» **INSTRUCTIONS FOR THE TASK**: In this exercise, print only the lines of the records below from the one with "Table Urbaine Live Edge - TWULE-0890" through the one with "BESTWAY - Couverture", inclusive. Pictures are not part of the copy.

» **DATA SUPPLIED**:
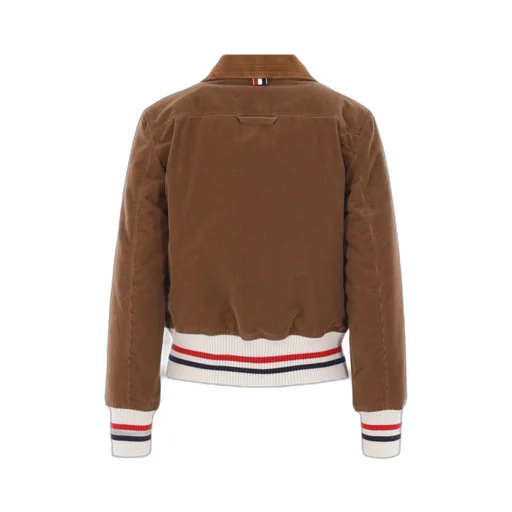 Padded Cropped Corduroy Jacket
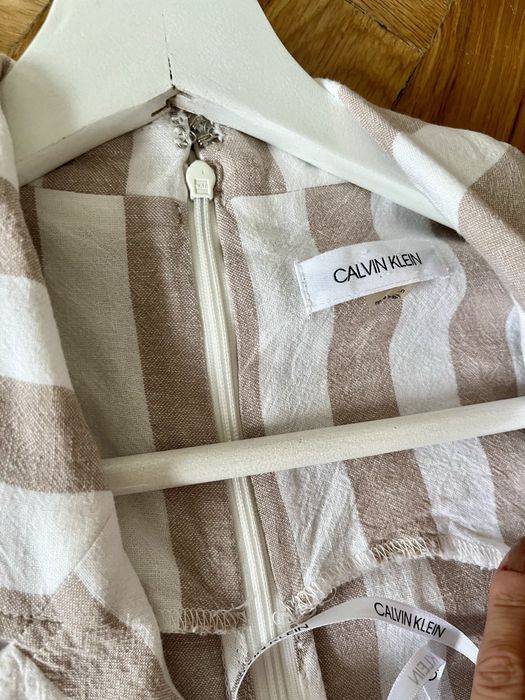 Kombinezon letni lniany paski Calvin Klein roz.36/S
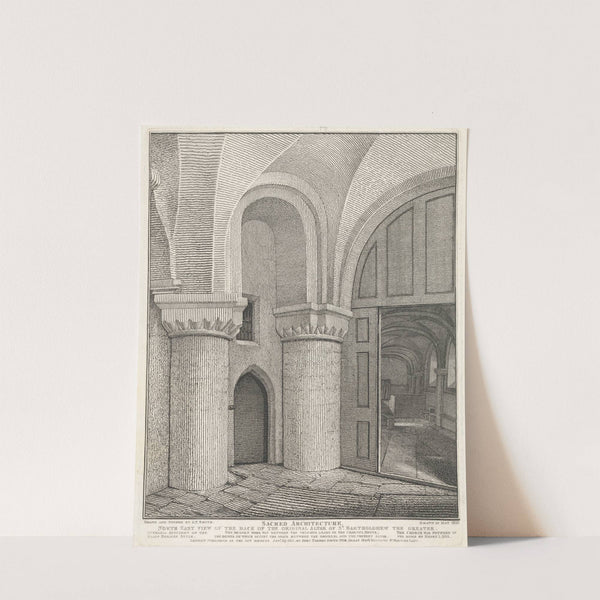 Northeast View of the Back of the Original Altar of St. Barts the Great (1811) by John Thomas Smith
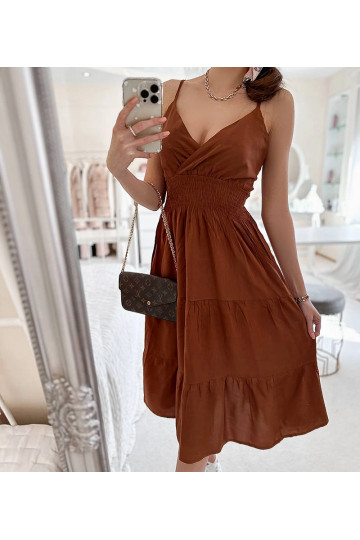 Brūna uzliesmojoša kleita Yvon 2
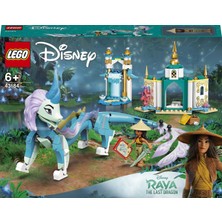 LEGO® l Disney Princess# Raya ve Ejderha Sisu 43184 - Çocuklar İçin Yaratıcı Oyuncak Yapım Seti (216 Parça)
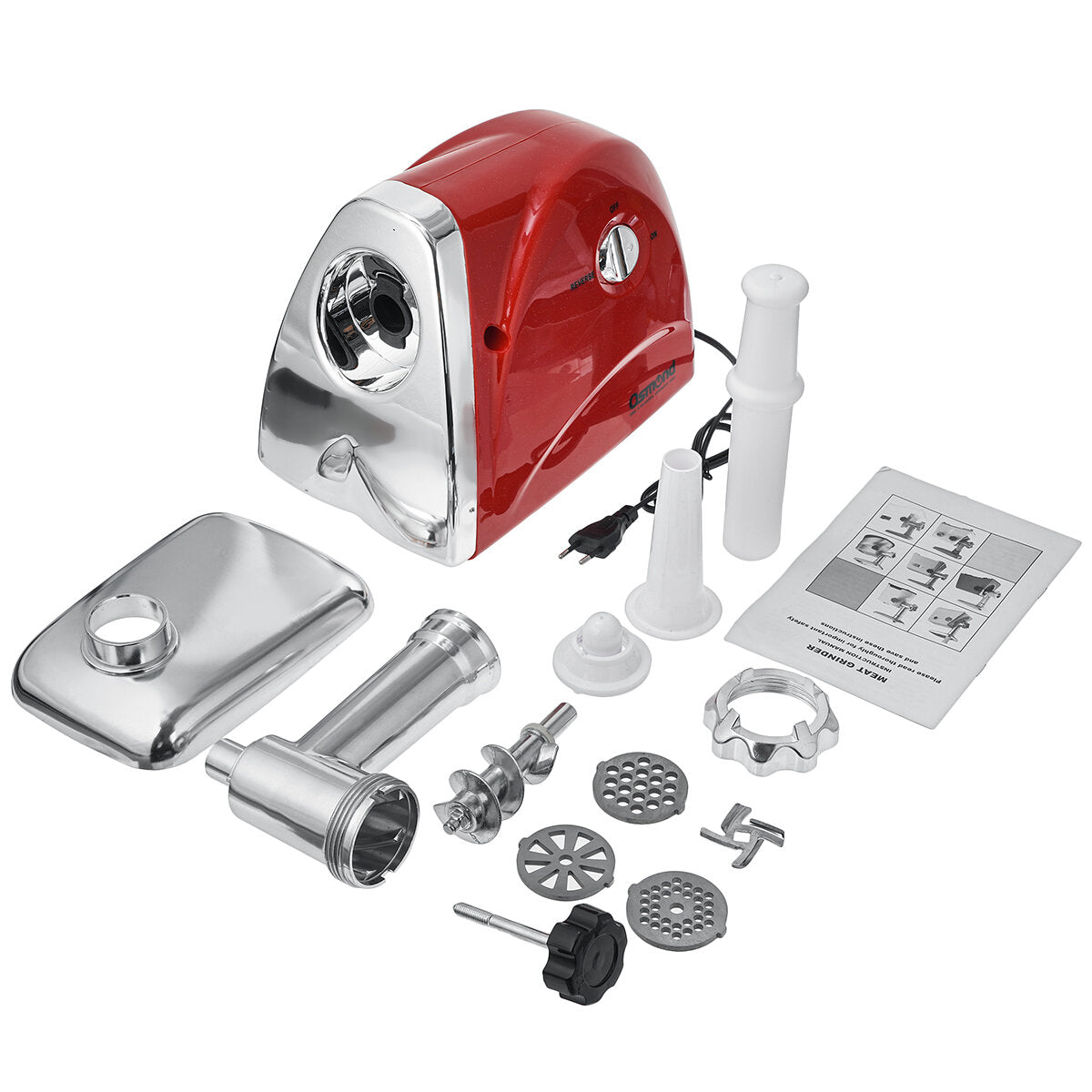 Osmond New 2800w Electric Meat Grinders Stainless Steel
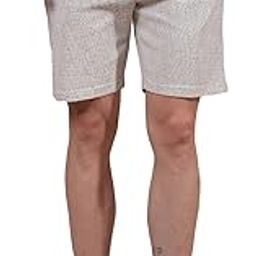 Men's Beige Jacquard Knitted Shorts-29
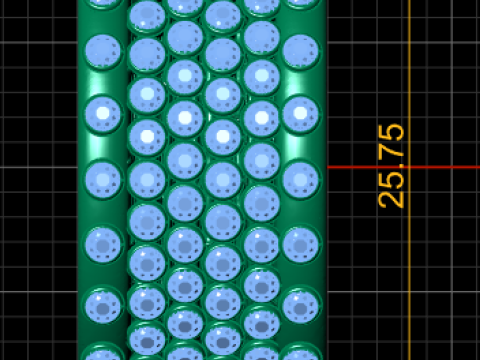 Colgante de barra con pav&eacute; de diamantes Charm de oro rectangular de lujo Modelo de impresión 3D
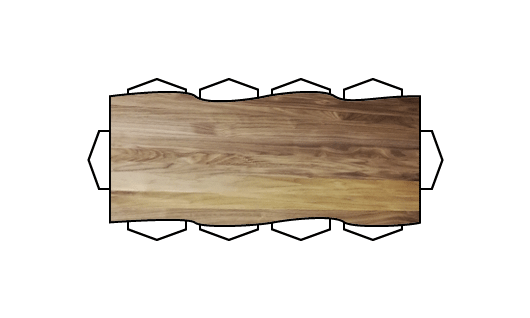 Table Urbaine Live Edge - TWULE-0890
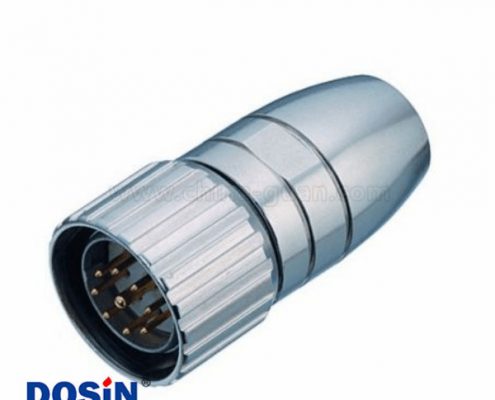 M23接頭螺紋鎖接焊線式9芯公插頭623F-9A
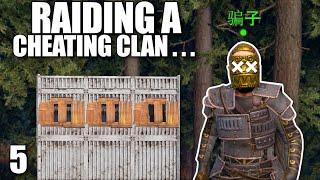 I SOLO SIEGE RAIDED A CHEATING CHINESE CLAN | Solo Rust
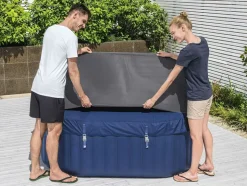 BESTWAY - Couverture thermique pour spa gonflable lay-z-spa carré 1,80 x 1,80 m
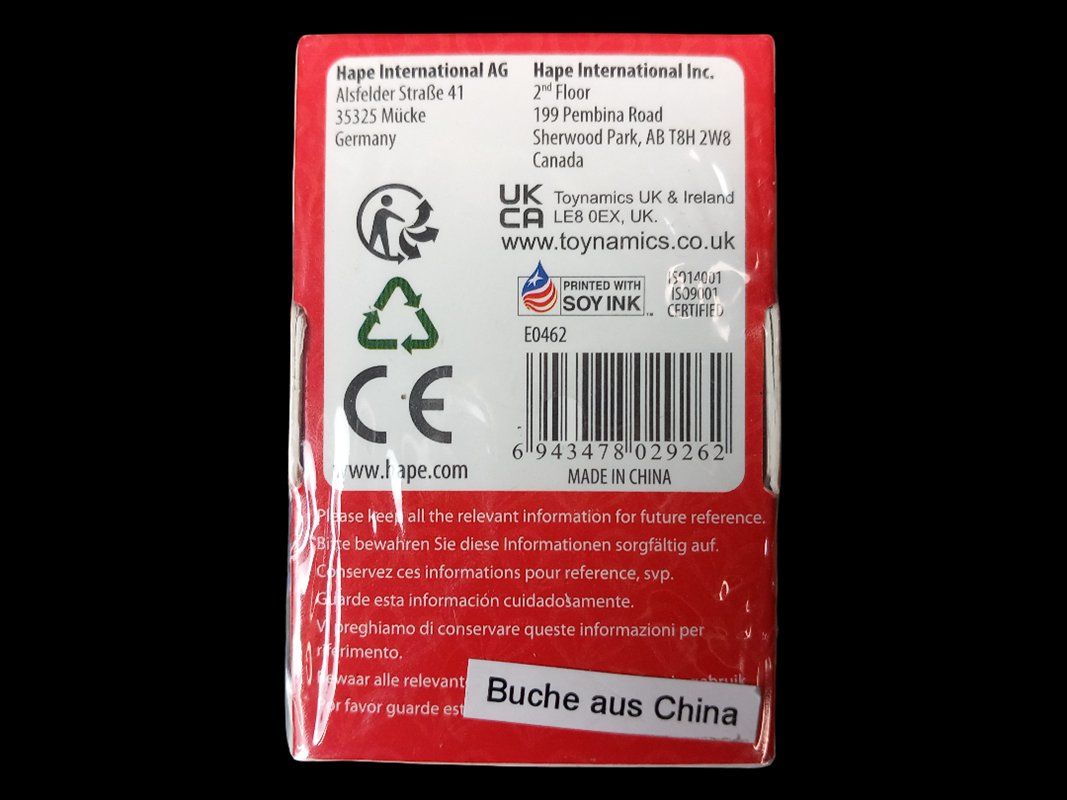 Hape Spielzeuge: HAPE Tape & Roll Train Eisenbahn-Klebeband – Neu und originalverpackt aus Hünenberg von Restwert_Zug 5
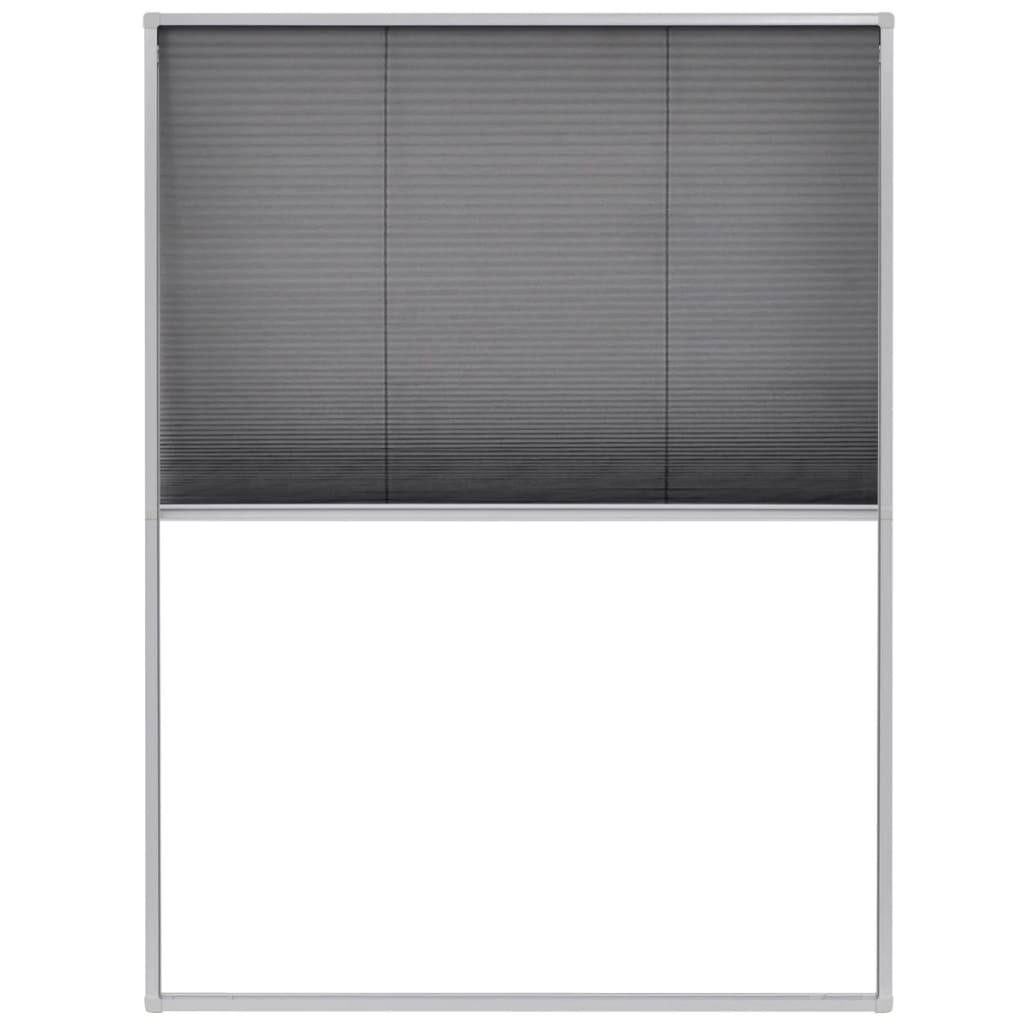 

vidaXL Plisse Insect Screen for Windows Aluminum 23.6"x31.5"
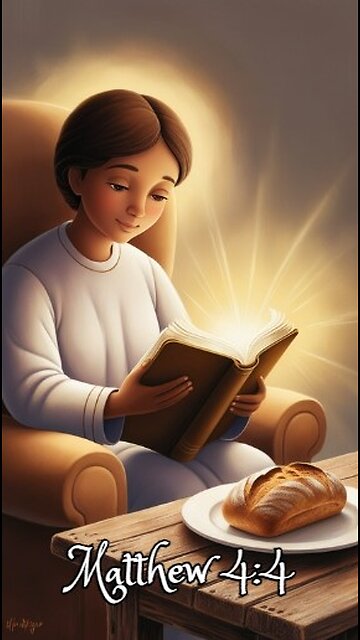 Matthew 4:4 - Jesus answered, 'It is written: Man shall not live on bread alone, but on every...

» **RESPONSE TO THIS EXERCISE**:
 Table Urbaine Live Edge - TWULE-0890
 M23接頭螺紋鎖接焊線式9芯公插頭623F-9A
 I SOLO SIEGE RAIDED A CHEATING CHINESE CLAN | Solo Rust
 BESTWAY - Couverture thermique pour spa gonflable lay-z-spa carré 1,80 x 1,80 m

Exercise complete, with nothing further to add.